As far as harvesting, the acorns will be sourced from existing trees in Mendocino, Lake and Humboldt counties, on land that is contracted from private landowners. The company currently has 2500 acres with five landowners under contract, with plans to add 10 times that many in the next few years.
Harvesting acorns from existing trees is part of Manzanita’s two-pronged effort to help landowners while protecting oak trees, which are under threat throughout the state.
“Much of California’s native oak forest is on privately held lands,” Wheeler said. “And it’s shrinking because there’s this economic pressure to cut and clear it for logging revenue, farming, housing, and so on. We are helping landowners to monetize their intact old-growth oak forest and remove that pressure to cut the trees down.”
“Oak forests are incredibly important to our ecosystem,” Wheeler added. “They’ve got more biodiversity than any other biome in California, with over 6000 species.”
Manzanita is careful to harvest not only sustainably, but with sensitivity toward Indigenous communities.
“We take 25% or fewer of the nuts from any given site, to ensure that there are enough left behind for replanting, and for the animals that rely on them,” Wheeler said. “We are also harvesting only on privately owned lands where Native harvesting has not been historically permitted—not on public or tribal lands. We’re working really hard to make sure we’re good neighbors.”
Although wild harvesting is Manzanita’s current method of obtaining acorns, the company is also planning to sustainably farm oak trees. In fact, their vision is to one day replace most orchards in the state that grow non-native tree nuts (such as almonds and pecans) with oak orchards.
“We will be planting oak trees eventually, but we’re not going to try to recreate a monoculture system with a different tree,” Wheeler said. “It will be done using a polyculture agroforestry approach with multiple crops growing together. Most almond orchards are actually sitting on former oak forests, so it would be a form of habitat restoration.”
One of Wheeler’s personal goals is to buy his great-grandfather’s almond orchard in Winters and replant the oak forest that used to be on the land.
If Manzanita successfully scales up according to its business plan, it could save California over eight trillion gallons of water per year.
“Almond orchards use 17% of California’s water,” Wheeler noted. “You save 400 gallons of water for every pound of acorn flour produced in lieu of almond flour.
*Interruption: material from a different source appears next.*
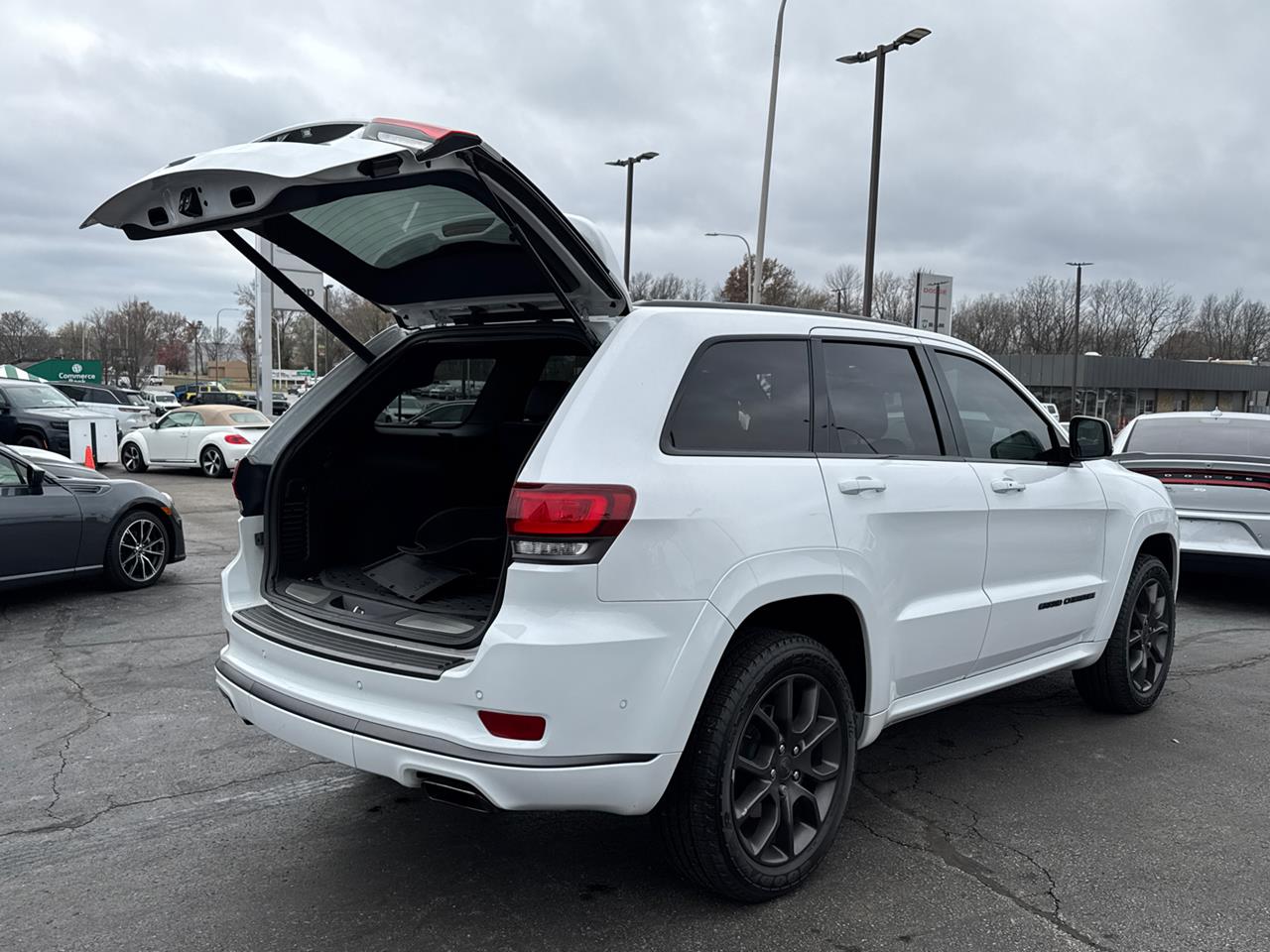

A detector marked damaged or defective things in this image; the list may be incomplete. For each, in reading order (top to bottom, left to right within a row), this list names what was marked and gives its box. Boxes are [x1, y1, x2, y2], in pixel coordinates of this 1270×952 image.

crack in asphalt [2, 756, 327, 837]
Replacing almonds with acorns would be transformative for California’s water supply and do so much to support river restoration efforts and climate adaptation.”
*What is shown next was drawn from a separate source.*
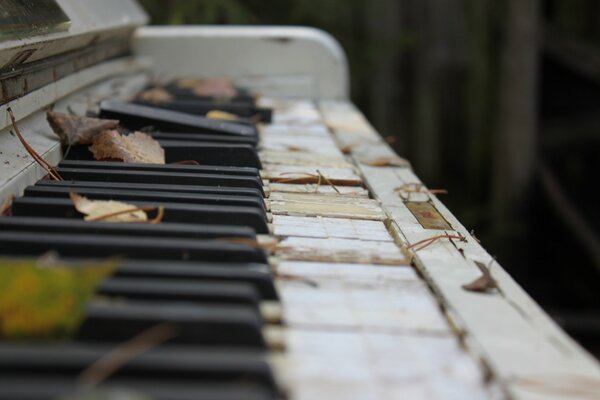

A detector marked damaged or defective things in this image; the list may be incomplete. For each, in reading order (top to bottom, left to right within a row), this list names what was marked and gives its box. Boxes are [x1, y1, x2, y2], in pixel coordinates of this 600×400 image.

worn paint chip [406, 202, 452, 230]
Manzanita’s first-year goal is to harvest 96 tons of acorns, which will be processed into about 33 tons of food. In each successive year they plan to produce five times the amount of the previous year.
Wheeler acknowledges that achieving substantial sales volume hinges primarily on availability, because he feels that the demand is already there.
“There’s actually a lot of interest in acorn flour from consumers in California,” Wheeler said. “A lot of people would like to try it, and others have tried it somewhere and then couldn’t get it again. But if you really want sustainable foods to be widely adopted, you have to make it easy for people to buy them.”
Manzanita intends to make its products not only affordable, but available directly to consumers through Amazon.com, through the Manzanita Cooperative website, and potentially through local grocery stores.
“We’re hoping to launch with a price pegged either even with—or slightly above—the price of almond flour, and bring it directly to consumers,” Wheeler explained. “The plan is very much to bring acorn flour to the masses through those different channels.”
The company also plans to make acorn products available at below-market rates to local Indigenous communities. “Right now we’re working with a couple of different Indigenous-led organizations—including the California Indian Museum and Cultural Center (CIMCC) to help source acorn products for their food programs,” Wheeler said. “We’re going to offer these products to local tribal groups at pretty steeply discounted wholesale prices. And I’m hoping that we’re able to do that at a relatively large scale relatively quickly, because being cut off from their land and the loss of access to traditional foods has had terrible health consequences for Indigenous people. I can’t make a land-back program happen, but I can help put food in the hands of people who want to eat it.”
The CIMCC, which is based in Santa Rosa, plans to buy acorn flour for its Acorn Bites program. This microenterprise makes and sells small acorn-based snacks, and the proceeds benefit educational and cultural advancement of Indigenous youth in Sonoma and Lake counties. The program has experienced supply chain issues in recent years as some of its main acorn flour vendors retired.

“The thing that needs to happen for us to try to create more acorn bites, to scale up our business and make it more accessible, is we need more acorn flour,” said Nicole Myers- Lim, Executive Director of the CIMCC. “Our partnership with Manzanita was very natural because we were looking to increase that flour supply, and Manzanita was seeking to provide it.”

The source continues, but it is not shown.